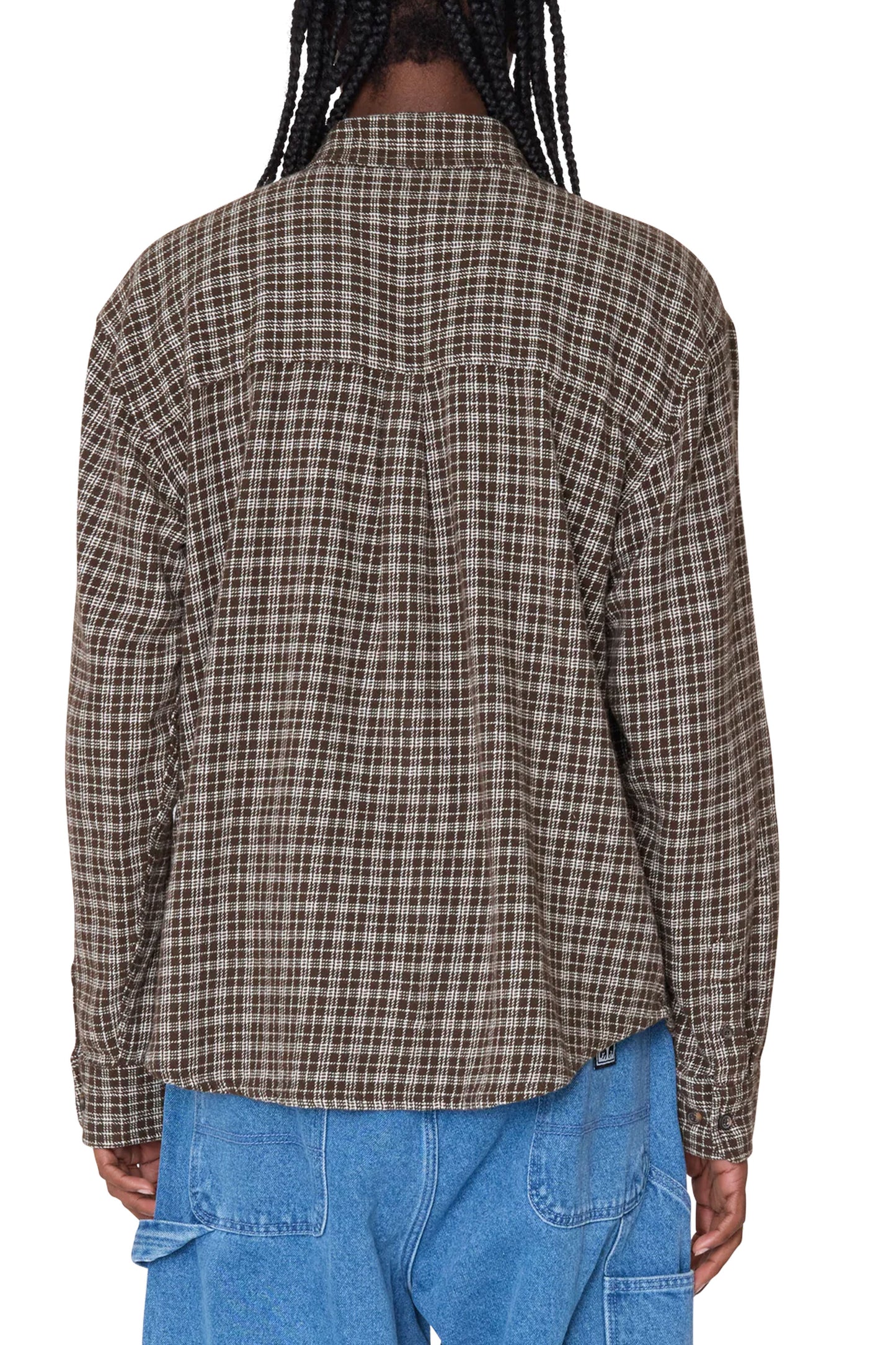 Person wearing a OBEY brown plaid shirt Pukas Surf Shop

----

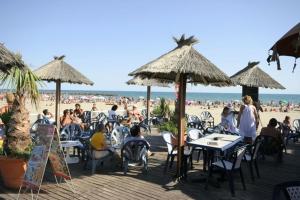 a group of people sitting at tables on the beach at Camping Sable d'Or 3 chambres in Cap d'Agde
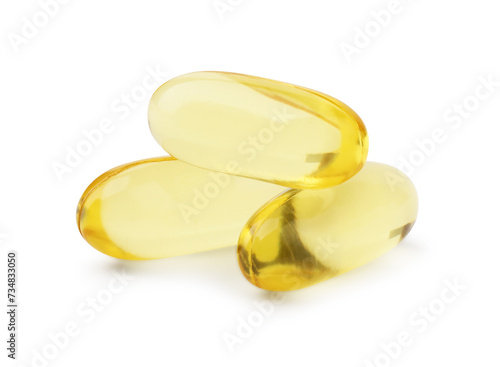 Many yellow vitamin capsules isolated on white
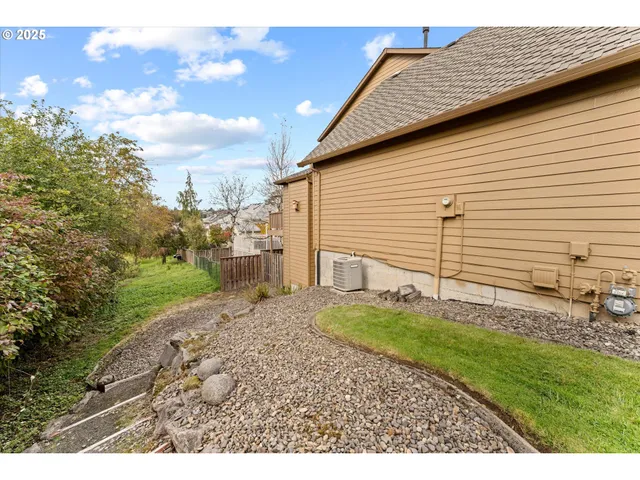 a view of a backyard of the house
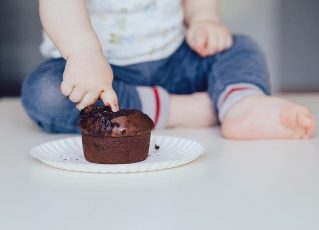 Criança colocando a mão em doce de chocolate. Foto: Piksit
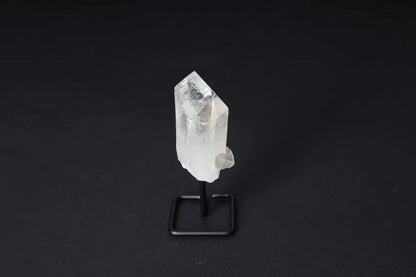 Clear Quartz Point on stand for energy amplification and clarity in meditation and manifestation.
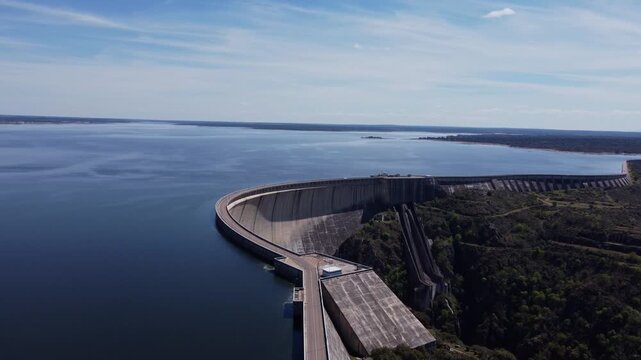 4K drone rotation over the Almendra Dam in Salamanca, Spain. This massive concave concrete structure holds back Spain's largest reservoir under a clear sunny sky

----

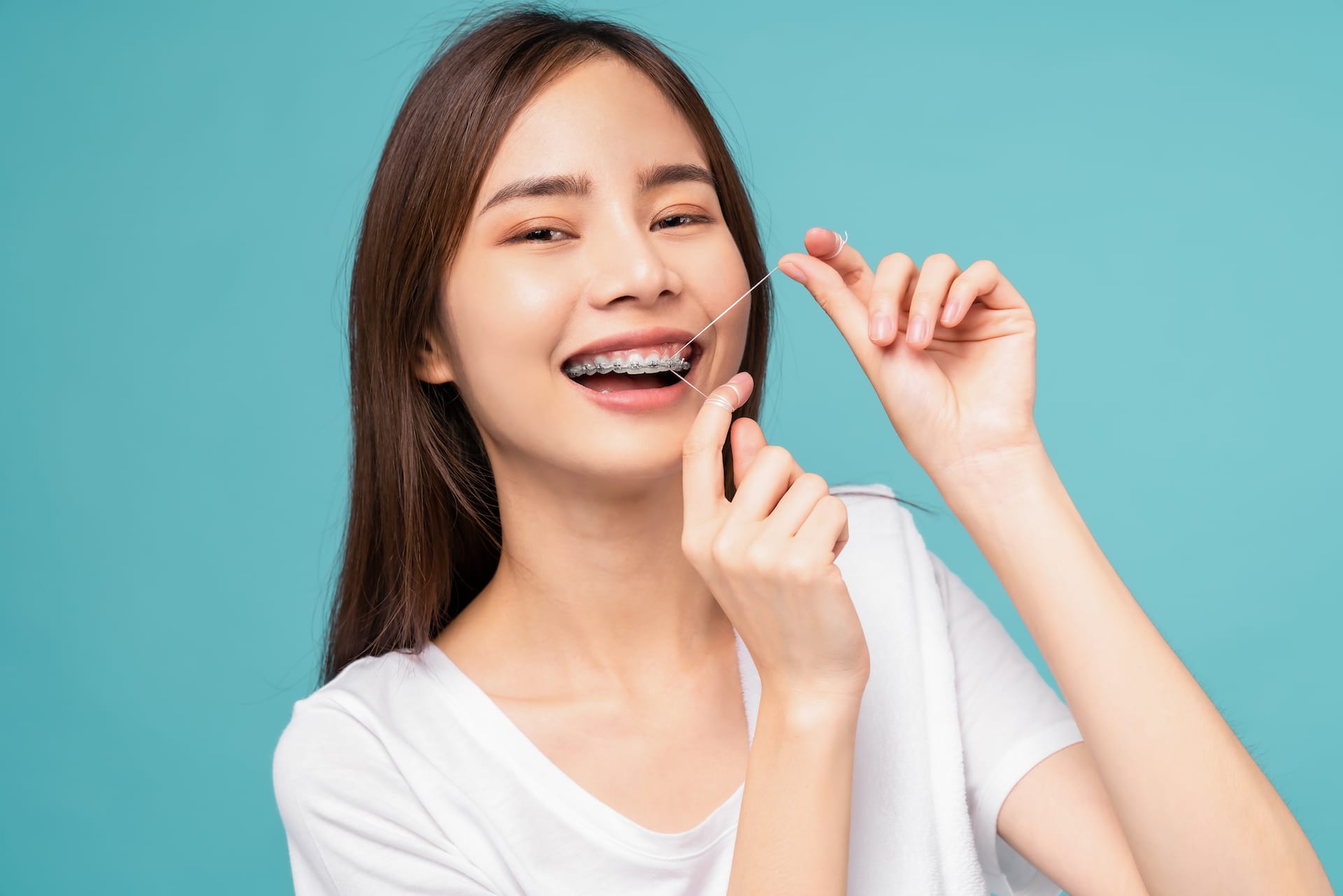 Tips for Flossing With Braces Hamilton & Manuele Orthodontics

----

Task requirements
Everything from the line above that contains "a view of a backyard of the house" down to the line that contains "4K drone rotation" must be reproduced exactly, both ends included. Omit the pictures.

Task answer
 a view of a backyard of the house
 Criança colocando a mão em doce de chocolate. Foto: Piksit
 Clear Quartz Point on stand for energy amplification and clarity in meditation and manifestation.
 4K drone rotation over the Almendra Dam in Salamanca, Spain. This massive concave concrete structure holds back Spain's largest reservoir under a clear sunny sky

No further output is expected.